What to produce> Data follows below. Repeat exactly the lines between the line holding "Tête De Tigre Colorée" and the line holding "Lustrin Women's Half", inclusive, and nothing more; drop pictures.

━━━ Data listing ━━━

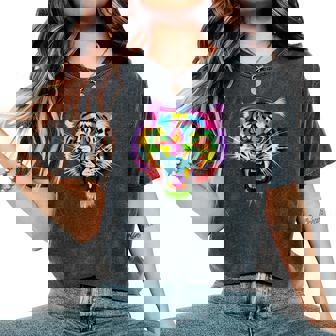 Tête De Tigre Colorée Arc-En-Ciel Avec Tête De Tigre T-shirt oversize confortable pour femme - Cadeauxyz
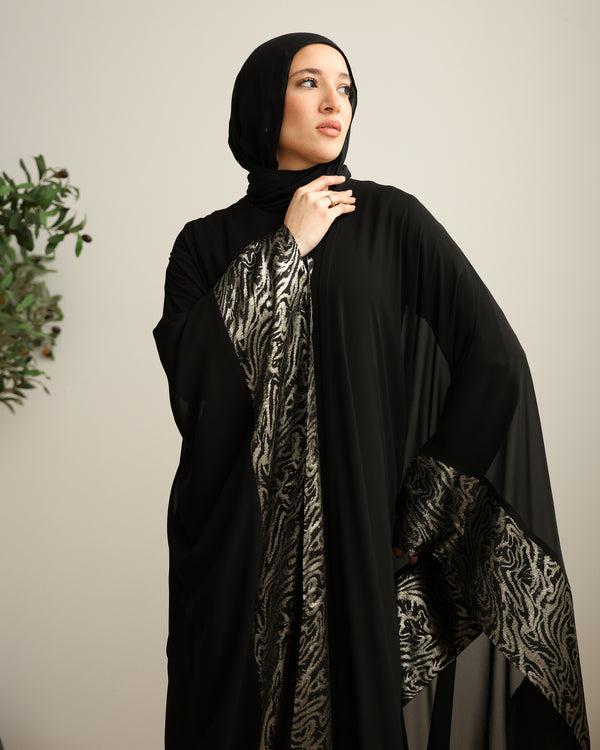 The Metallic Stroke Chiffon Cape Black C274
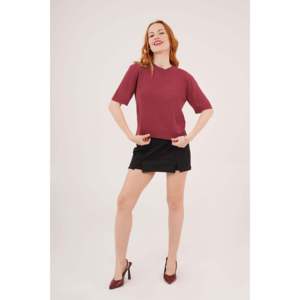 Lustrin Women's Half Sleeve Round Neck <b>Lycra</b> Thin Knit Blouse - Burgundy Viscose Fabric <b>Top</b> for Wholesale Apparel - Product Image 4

━━━
━━━ Data listing ━━━

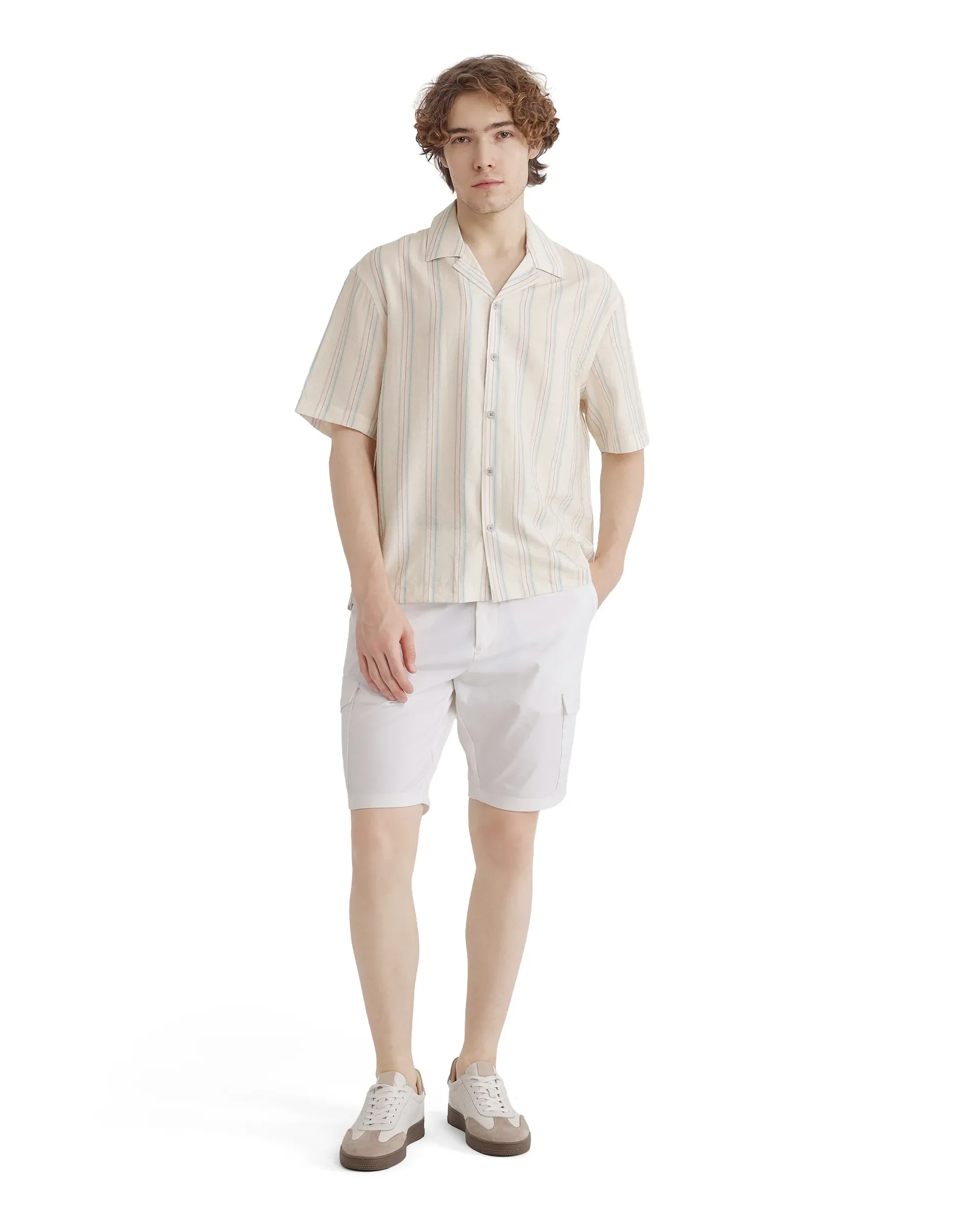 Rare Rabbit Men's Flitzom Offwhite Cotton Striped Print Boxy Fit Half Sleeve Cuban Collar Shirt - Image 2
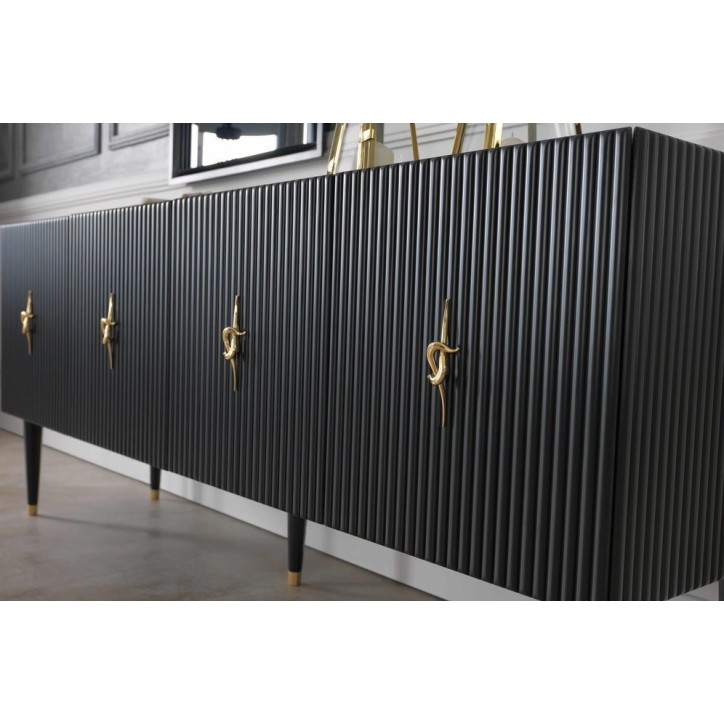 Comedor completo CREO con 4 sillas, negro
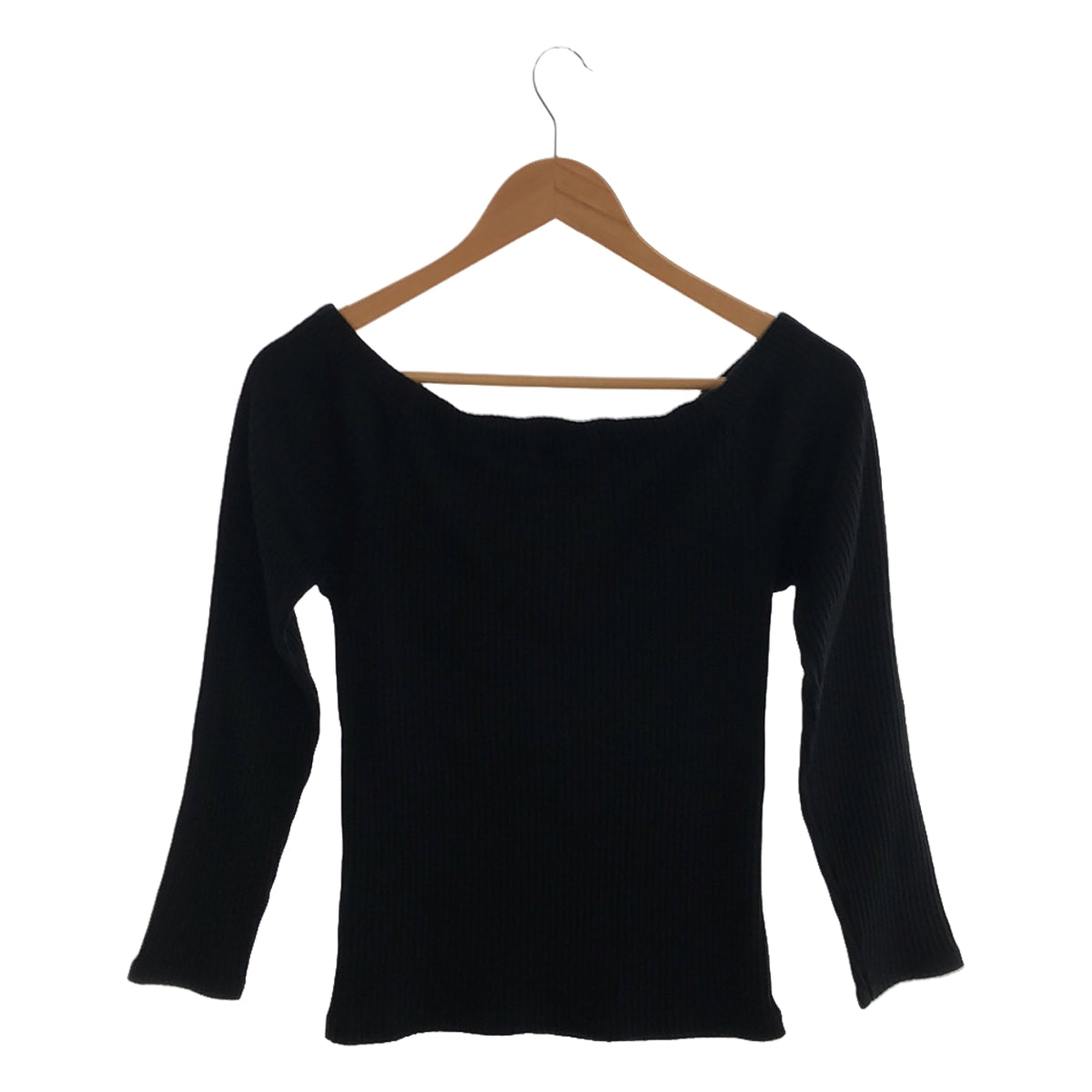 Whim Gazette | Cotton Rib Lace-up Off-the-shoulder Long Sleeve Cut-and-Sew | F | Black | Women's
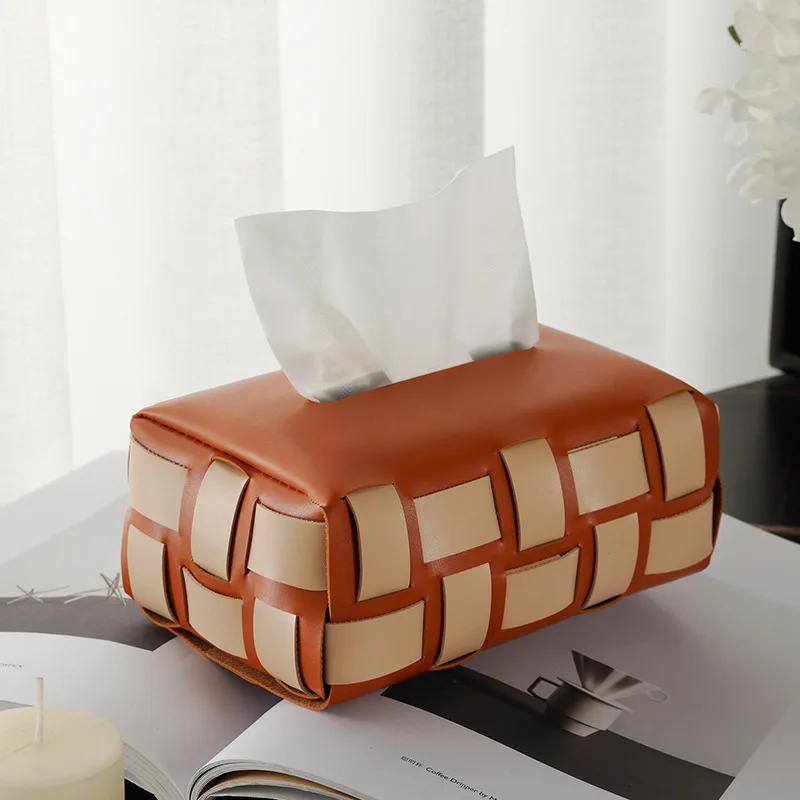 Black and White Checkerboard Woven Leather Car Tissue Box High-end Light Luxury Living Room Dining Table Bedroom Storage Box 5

━━━

Answer to this exercise>
 Tête De Tigre Colorée Arc-En-Ciel Avec Tête De Tigre T-shirt oversize confortable pour femme - Cadeauxyz
 The Metallic Stroke Chiffon Cape Black C274
 Lustrin Women's Half Sleeve Round Neck <b>Lycra</b> Thin Knit Blouse - Burgundy Viscose Fabric <b>Top</b> for Wholesale Apparel - Product Image 4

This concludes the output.